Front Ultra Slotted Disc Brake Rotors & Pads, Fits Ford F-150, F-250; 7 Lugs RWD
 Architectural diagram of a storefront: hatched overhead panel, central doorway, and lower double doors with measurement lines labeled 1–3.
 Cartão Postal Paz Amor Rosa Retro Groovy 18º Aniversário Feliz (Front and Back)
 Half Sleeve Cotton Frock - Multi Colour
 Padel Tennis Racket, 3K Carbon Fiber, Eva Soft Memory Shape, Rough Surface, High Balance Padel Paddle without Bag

▶ **Work required**
Word for word, write out all the lines shown above.

▶ **Response**
Front Ultra Slotted Disc Brake Rotors & Pads, Fits Ford F-150, F-250; 7 Lugs RWD
 Architectural diagram of a storefront: hatched overhead panel, central doorway, and lower double doors with measurement lines labeled 1–3.
 Cartão Postal Paz Amor Rosa Retro Groovy 18º Aniversário Feliz (Front and Back)
 Half Sleeve Cotton Frock - Multi Colour
 Padel Tennis Racket, 3K Carbon Fiber, Eva Soft Memory Shape, Rough Surface, High Balance Padel Paddle without Bag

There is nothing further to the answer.